Sources - paywalled:

Thomas, J. A., & Wardlaw, J. C. (1992). The capacity of a Myrmica ant nest to support a predacious species of Maculinea butterfly. Oecologia, 91(1), 101-109.


one unifying bird-speak ism is a sharp short uptick in pitch as almost a single note slide "up"... just about all birds use this to warn -cross species- that there is something to be alerted about.

The concept of Warning! would probably be more of a argument against mimicry, because stalking prey and warning your own species would probably be more of a chosen path of evolution.

HOWEVER, taking that logic a bit further, if "WARNING" was used by a sympathetic species that is social enough to Usually save a fellow of __ then a distress call would be Quite selected for in a predator... but then quickly selected out by the prey...

I think the answer mentioning "Predator" with a prey species that's curious enough to investigate some weird vocal call (like snipers wounding a person in a field to then have others try and save the injured) might be viable, but dependant on a more Studied relation between predator and prey, irrespective of species type for either (bird like / mammal like / or even under water)


Blue jays use that tactic. They mimic red-tailed hawks to scare other birds to steal food, such as birdseed and eggs.

Sources: https://owlcation.com/stem/Blue-Jays-Clever-Mimics-of-the-Bird-World




You should carefully consider this creatures environment if its surviving off a mix bag of moderate sized animals and humans or the bulk of its diet just favors the human and large animals since you seem to want it to have the taste for human one then needs either a large roaming area to hunt in maybe crossing state lines (giving respite to highly rural locations lowers their suspicions) but the pit fall in doing this is that once the boondocks is taken out no one is eager to move there no roads, no power, ect tend to not attract many folks to difficult areas so now your looking for areas that get sporadic traffic like trails, hunting seasons, and gold/resource mining areas to feed this thing year round.

The size should also be considered and its digestion how long can it last without humans or other feed?
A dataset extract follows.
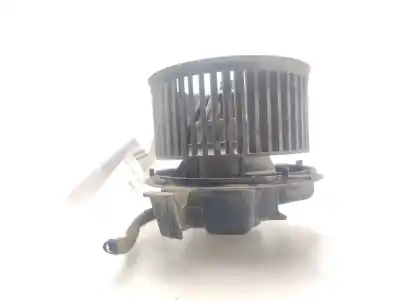 Peça sobressalente para automóvel em segunda mão ventilador de aquecimento por nissan nv 200 (m20) kombi comfort referências oem iam 272269u01a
Can it go a month or more between feedings or not? Craft this thing with the environment, it's physiology don't try to squeeze it into just one known mythical or real creature figure out what it needs before aesthetics then graph its habits to help make the right monster for your novel.

It could learn words yes have you seen the video of the cat asking, "Are you coming down?" scared the owner. Foxes can sound like screaming women or the peacock screams, "HELP!" if you don't know these things can do any of these sounds then yes you might run into that peacock or fox but your predictor is banking on an altruistic person when the society it hunts in becomes cold hearted cries for help are no longer investigated it will need to adapt.

I'd day the thing in question might be a pair one calls the other traps and kills they both share it. Because once the human figures out where the sound is coming from and sees the creature its attached to their tendency to flee or fight is going to occur a group or paired assault would be the best attempt no matter the size or shape of the creature to kill the human.

If your predictor is a stalker type it could observe a group of prey learning their voices, relations, and habits and pick them off sometimes at range other times at the home.

When the family members/group/pair are desperately missing their missing member they might be tricked for a brief duration outside if the person calls them and knocks on their door or shouts at the edge of the woods but if the family inside is paired up there is a small risk one may stop the other. If the area is rural there maybe little to no witnesses to spread the word of the human mimicking creature to others but in small towns or cities there will be.